What this task involves » For the records below, output word for word the lines from the one with "Personalised Tonga Saineha" up to and including the one with "Juicy‎ Couture Berry". No pictures.

==== Material for the task

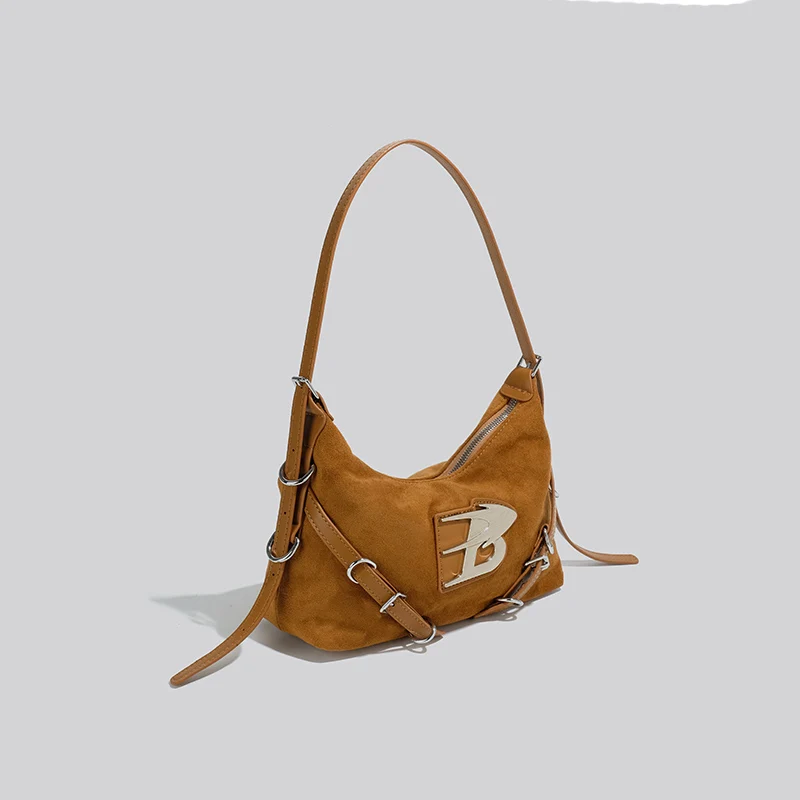 

Luxury European and American suede underarm bag, high-end fashion design, niche design. 2023 New Women's Crossbody Bag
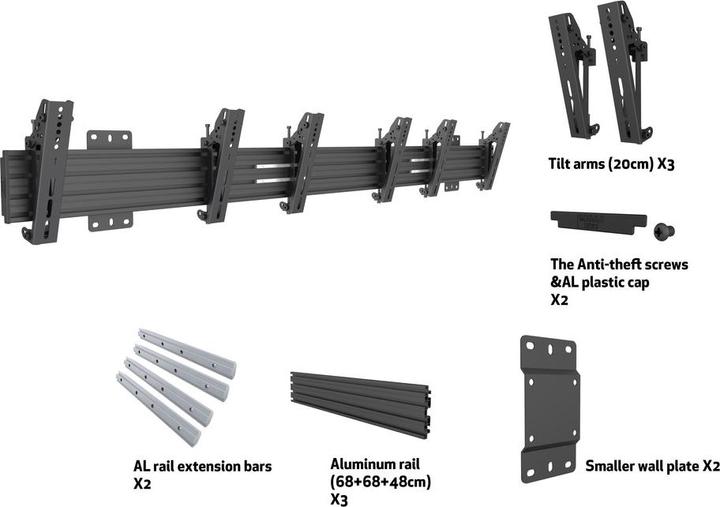 Actual product image Multibrackets Triple mount 3 x 27"-32", VESA 100x100 - (Wall, 60 kg, 27" - 32")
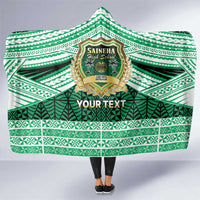 Personalised Tonga Saineha High School Hooded Blanket Polynesian Ngatu Tribal LT9 One Size Green - Polynesian Pride
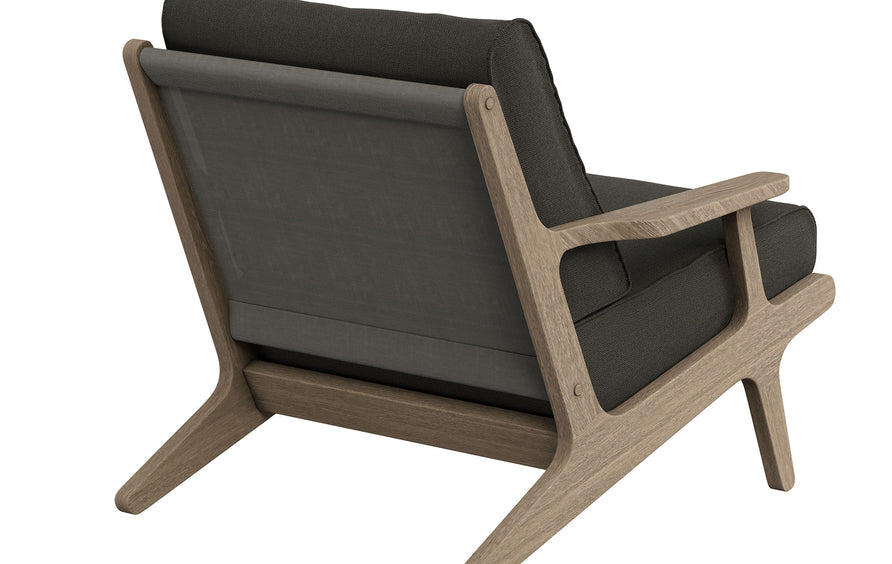 Lark 5-Piece Outdoor Patio Teak Wood Furniture Set in Weathered Gray Flint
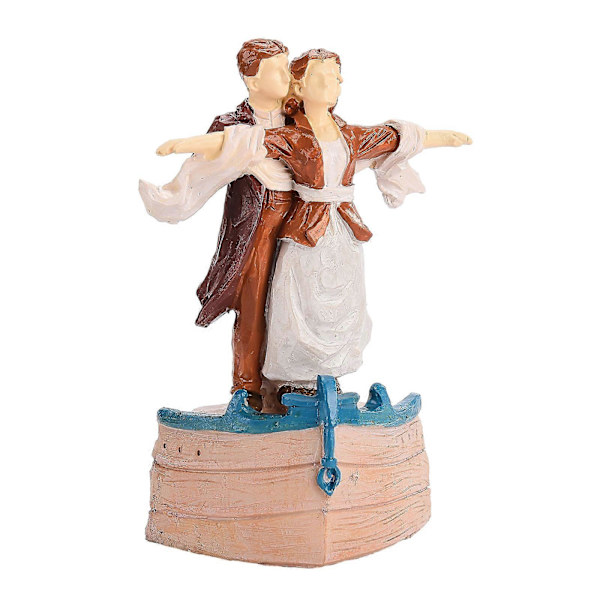 Par i Titanic Resin Figur Ornament Present till Par Alla Hjärtans Dag Födelsedag Minnesdag (FMY)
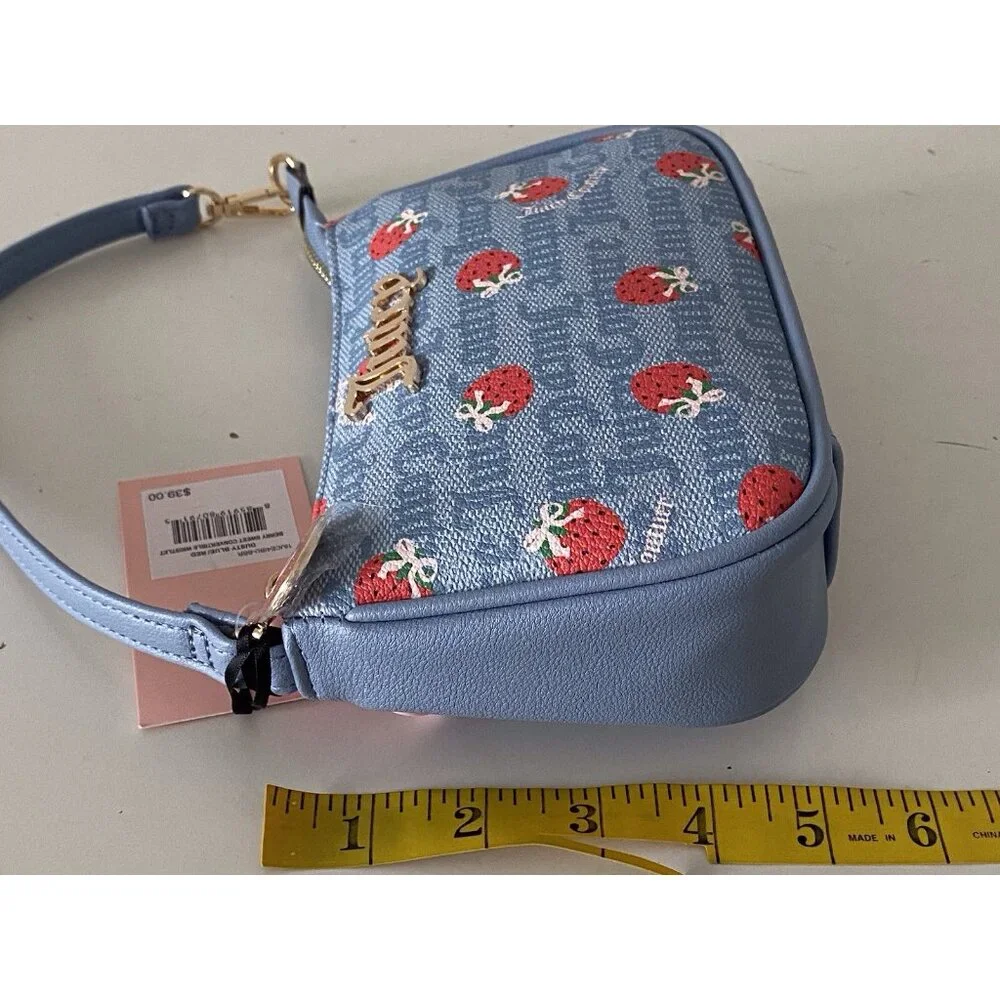 Juicy‎ Couture Berry Sweet Convertible Wristlet Dusty Blue Red Purse Bag NEW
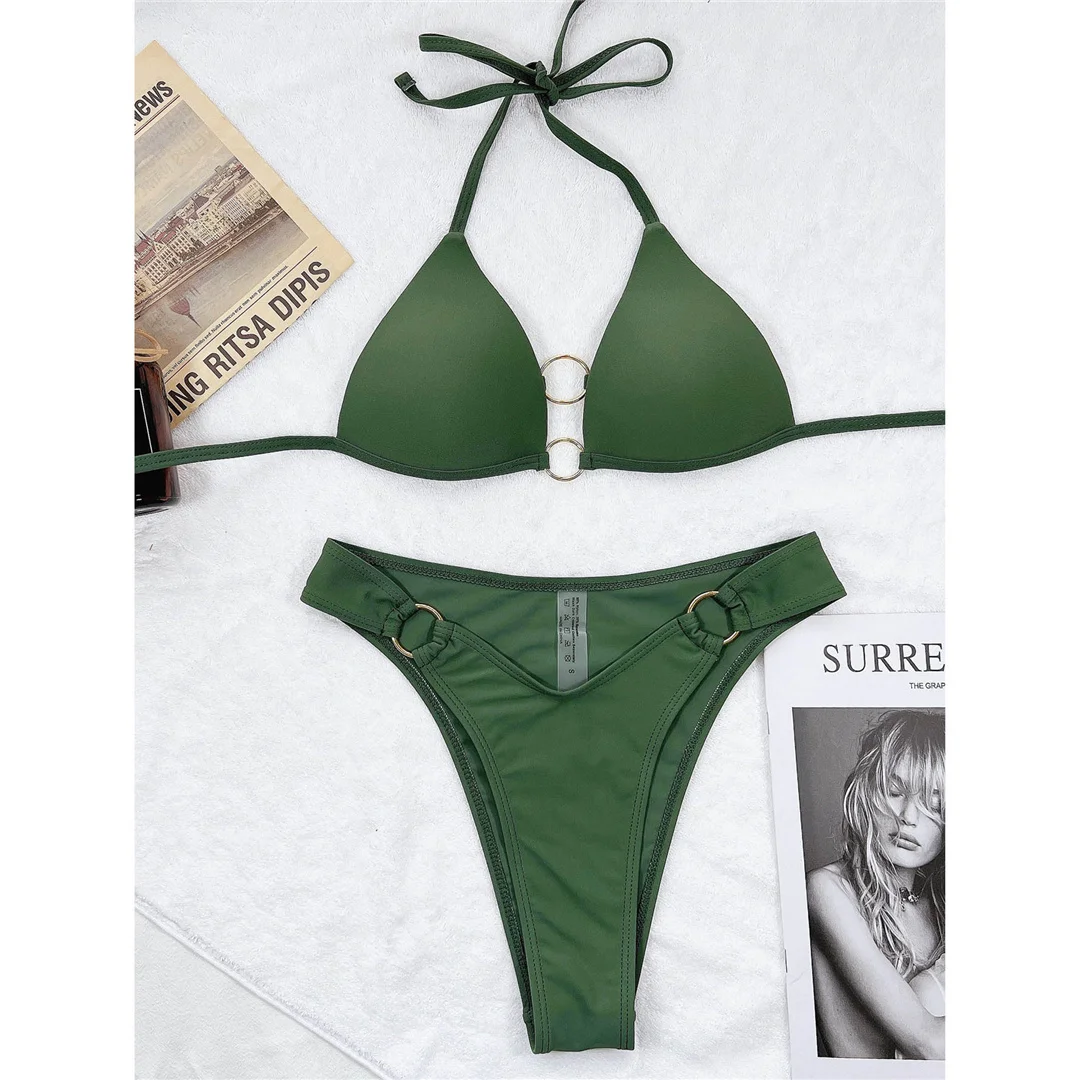 Sexy Neckholder-Bikini Push-Up-Badeanzug Damen-Bademode Zweiteiliges Bikini-Set mit BH-Cup Badeanzug Badebekleidung Damen V3433 – Detail 10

========

Answer for the task »
 Personalised Tonga Saineha High School Hooded Blanket Polynesian Ngatu Tribal LT9 One Size Green - Polynesian Pride
 Lark 5-Piece Outdoor Patio Teak Wood Furniture Set in Weathered Gray Flint
 Par i Titanic Resin Figur Ornament Present till Par Alla Hjärtans Dag Födelsedag Minnesdag (FMY)
 Juicy‎ Couture Berry Sweet Convertible Wristlet Dusty Blue Red Purse Bag NEW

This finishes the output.